How to Tell if You Have Self-Absorption Schema, and How to Manage It

  1. Notice whether there are issues in your life you feel so strongly about that you are not open to discussion on them. If those issues are thematically related to your own history of unmet needs, they may be self-absorption triggers. Examples include topics like divorce, privilege, “keeping your word,” and fairness.
  2. When others upset you or overlook your needs, be honest with yourself about how well you can see their point of view or motivations. Is there a theme to what upsets you that may be more connected to your own story?
  3. Is the “universe” sending you a message? If you feel the world keeps telling you that you “don’t deserve nice things,” it may be self-absorption schema talking.
  4. Take a time-out. Consider how to communicate your needs more directly, but “strike when the iron is cold” and consider how to ask for what you need after you have calmed down and had a chance to reflect.

Remember, these needs come from an authentic place of pain in the past and deserve your validation. You’re just translating them into adult experience.

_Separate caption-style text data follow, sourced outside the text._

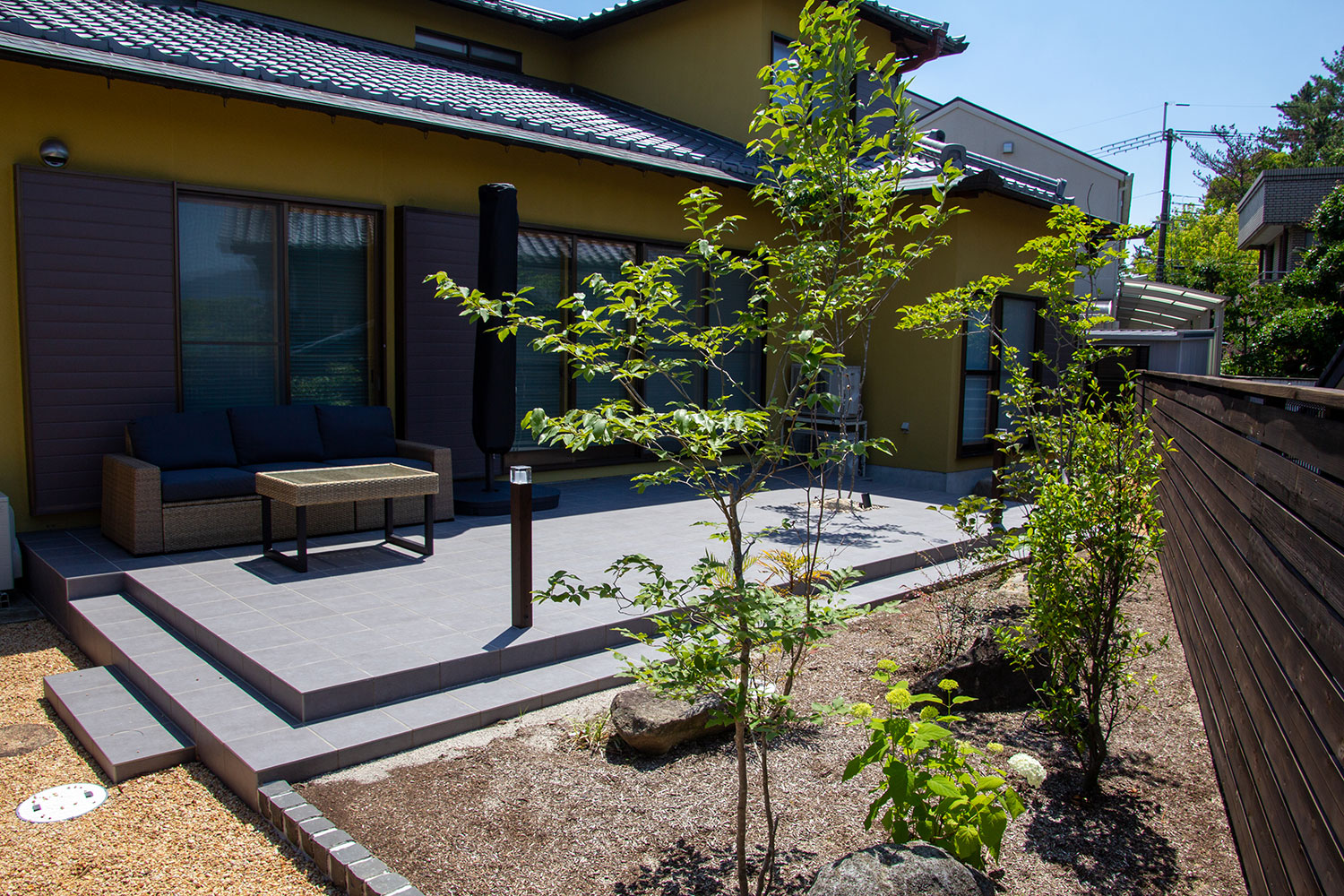 大きな日本庭園跡を使いやすい庭にリフォーム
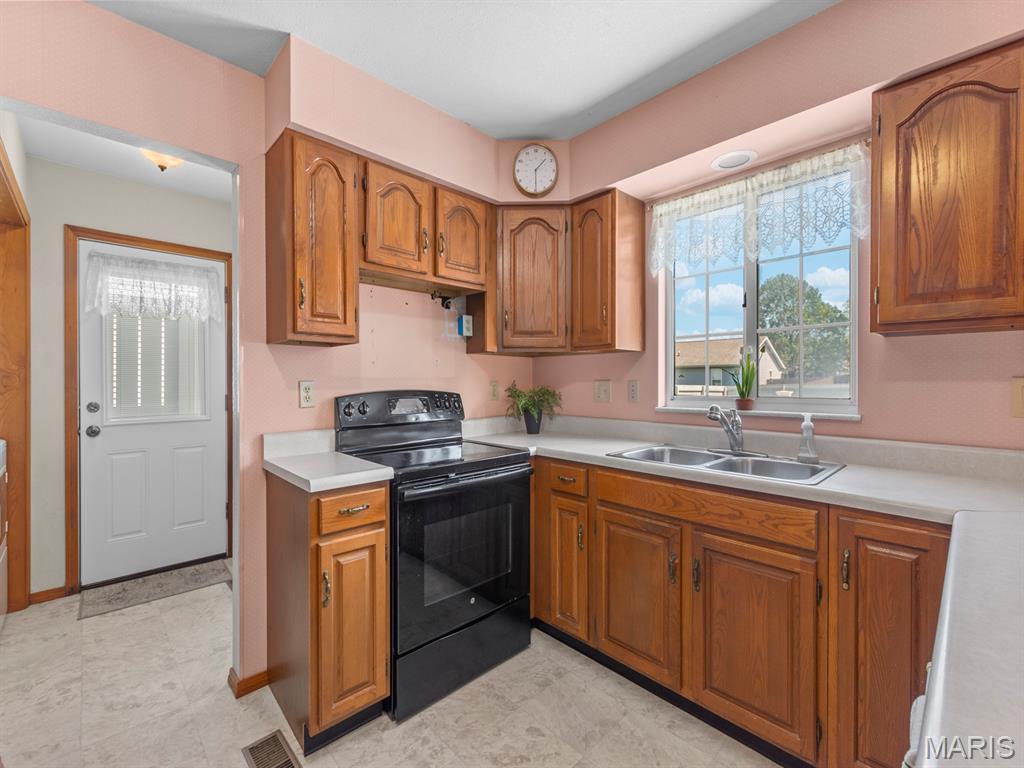 124 North 7th Street Dupo, IL 62239 - Photo 13 of 46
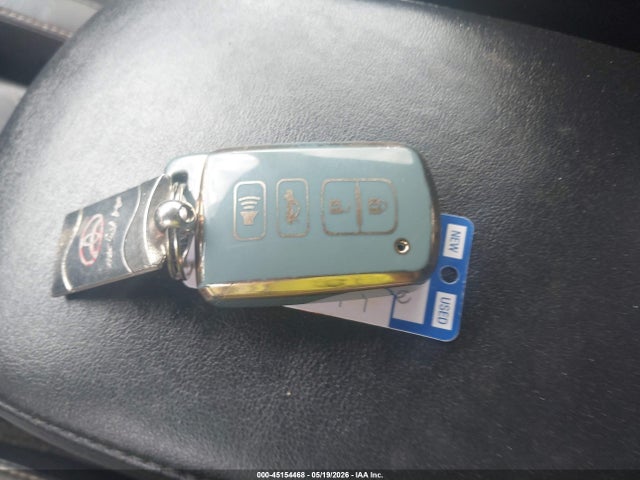 Toyota Rav4 Limited 2018 JTMDFREV2JJ188539 Image 11
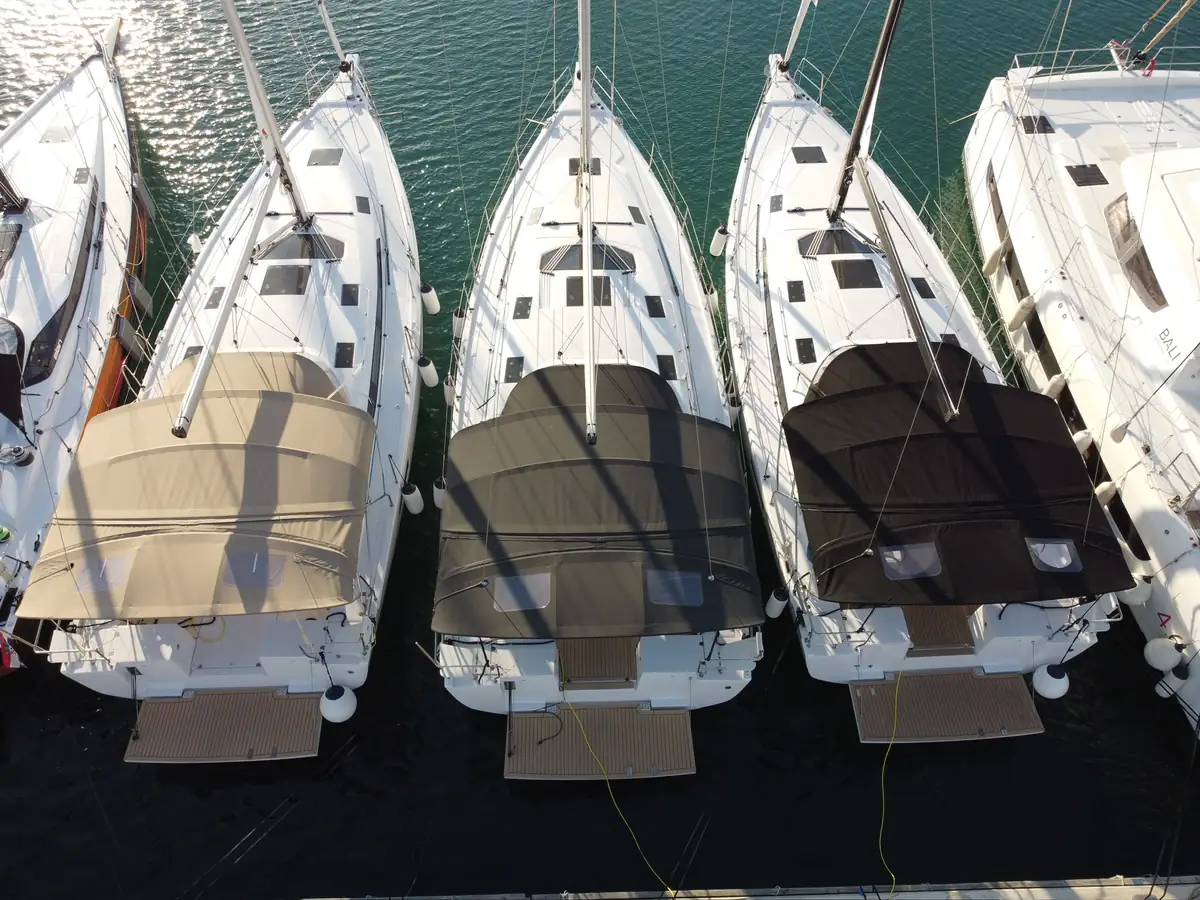 Elan I43 — bimini #2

How to Cope When Others Have Self-Absorption Schema

  1. Practice good boundaries. Don’t tolerate mean or abusive behavior.
  2. Calmly take a time out during a triggered event, returning later to calmly explore what happened.
  3. When tempers have calmed, patiently explain your point of view, and ask them to really consider it, while validating their feelings as well.
  4. People in self-absorption schema may trigger you, too. It can be a challenge to be with someone in an episode of narcissism. Take your time and accept small victories.

Don’t forget, the solution to self-absorption involves patience, kindness, and never engaging when triggered, but asserting healthy, firm boundaries when the drama stops.

If these signs and behaviors look to be more than “episodic,” you may want to seek psychotherapy and explore the role of narcissism in your life.